For the second time, they are assigned a clear goal that is “Find a Japanese restaurant within 0.5 miles with an average price below £30”, and the following prompt will be presented.

Imagine that, at this moment, you are about to use a virtual assistant to select one Japanese restaurant, but this time you have very clear criteria for selection, you would prefer one that is within 0.5 miles with an average price below £30. Please use natural language to interact with the virtual assistant, the virtual assistant may give you many choices, if so, select one that suits you most.

During the experiment, the users’ steps, completion time, number of queries and clicks, dwell time and ASR rate will be collected. After completing the task, all participants will be asked to use the five-point Likert scale to answer the following questions:

1) How satisﬁed are you with your experience in this task in general?

2) How satisﬁed are you with your experience in each subtask?

3) How satisﬁed are you with the final restaurant you selected?

4) Did you put in a lot of effort to complete the task

Regarding the participants in the group with the recommendation, they are required to answer the additional question:

5) How satisﬁed are you with the recommendation?

Data Analysis Plan

The quantitative study deals with the research question about the effects of user goal and recommendation structure on user performance. Because this study is a factorial design, a mixed design ANOVA will be employed to analyse the effects. Regarding the users’ intention, this independent variable has two levels – the vague goal and the clear goal separately. In terms of the effects of the recommendation of virtual assistants, three dependent factors should be paid attention: efforts, error rate and satisfaction.
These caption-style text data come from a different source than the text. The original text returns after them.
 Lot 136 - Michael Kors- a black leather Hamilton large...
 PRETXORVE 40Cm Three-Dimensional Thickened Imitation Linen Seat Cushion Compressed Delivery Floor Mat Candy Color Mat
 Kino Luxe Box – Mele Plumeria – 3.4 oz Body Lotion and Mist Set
Initially, the data that involves the severe failure of automatic speech recognition should be excluded. The trials in which users request three times but have not completed the goal should be excluded. This is to decrease the influence of the error on user satisfaction. Secondly, in order to measure the main factors, several measure methods will be utilised. As for the efforts, this factor can be measured by the steps, completion time. Also, the result of five-point Likert scale that corresponds with the question “Did you put in a lot of effort to complete the task?” can measure the efforts. The error can be measured by ASR rate and completion rate. The degree of satisfaction can be measured by the result of five-point Likert scale that involves querying satisfaction. Additionally, Equation 1 that was proposed by Julia Kiseleva (2016) can also measure satisfaction. Therefore, there will be two ways of evaluating satisfaction, the five-point Likert scale and Equation 1. The reason for using two methods is to improve accuracy. What the participants answered may not be consistent with what they really thought, thus the quantified data can reveal such consistency when comparing the two data sets.
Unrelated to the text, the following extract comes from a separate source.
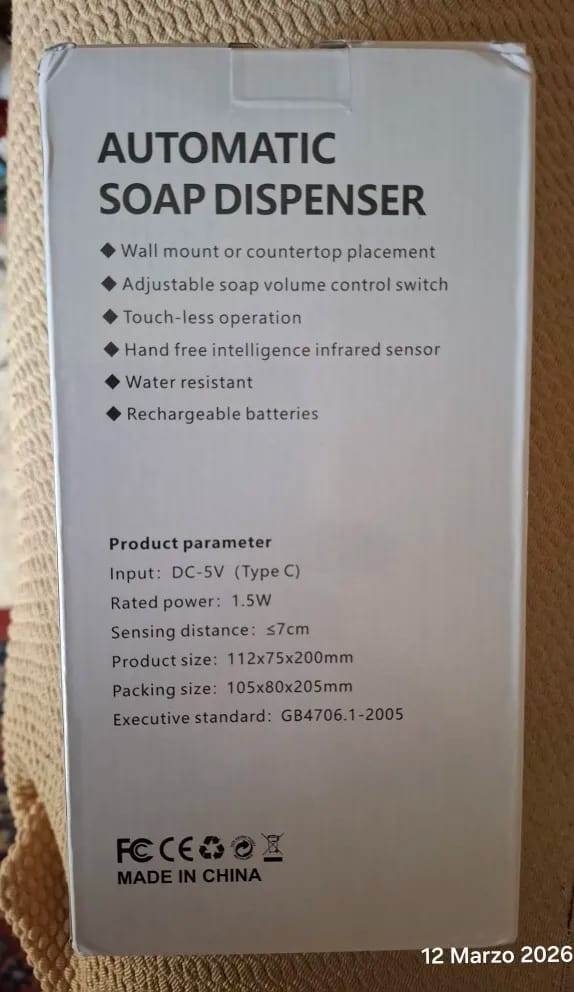 Customer photo review of Automatic Wall-Mounted Foaming Liquid Soap Dispenser Electric USB Charging Hand Sanitizer Dispenser for Hotels Bathrooms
Furthermore, a 2x3 repeated measures ANOVA on the participants’ satisfaction value will be run to investigate the effects of the user intention recommendation structure on user satisfaction. By means of comparing the P value with 0.05, the following question can be answered:

1) Whether there is a significant main effect of the user intention on user satisfaction when using virtual assistants in the context of restaurant selection

2) Whether there is a significant main effect of the recommendation structure on user satisfaction when using virtual assistants in the context of restaurant selection

3) Whether there is a significant interaction effect of user intention × recommendation structure on user satisfaction when using virtual assistants in the context of restaurant selection

As the effort the user puts in can be one of the attributes of user satisfaction, a similar 2x3 repeated measures ANOVA on the participants’ effort value can be run to investigate the effects of user intention recommendation structure on the user workload. Accordingly, the similar three questions can be answered. Regarding the error rate, the similar practice can be applied.
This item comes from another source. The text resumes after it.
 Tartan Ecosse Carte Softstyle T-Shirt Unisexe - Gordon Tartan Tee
Additionally, as there are two sets of user satisfaction that are calculated by Equation 1 and 5-point Likert scale, the results of two methods of evaluating efforts and satisfaction should be compared. If they are different to a large extent, the procedure and analysis should require an in-depth investigation, in which way the accuracy can be enhanced.

Qualitative Study

Method

Participants

Ten participants will take part in the study, these participants will be the subset of participants from the quantitative study. Amongst them, five people will be the participants who have interacted with the system that recommended before selection, whereas the other five participants will be the people who have interacted with the system that recommended after selection.

Procedure

The participants will be asked to have an interview after the quantitative experiment. During the quantitative experiment, the researchers should take notes when observing the participants who are about to be interviewed. These notes are aimed at providing insight that allows researchers to ask relevant and valuable questions during the interview. The interview will be semi-structured, this is to ensure a certain degree of freedom and to focus on the research question. The questions can be adjusted based on what the researchers have observed. The research question of the qualitative study is “What are users’ expectations when selecting restaurants with virtual assistants in different intentions (clear goal or vague goal)?” Therefore, around the topic “expectation”, the interview will include the following eight main questions. The questions can also be changed according to the situation:

1) Did you complete the task?

2) How much effort did you put into the task?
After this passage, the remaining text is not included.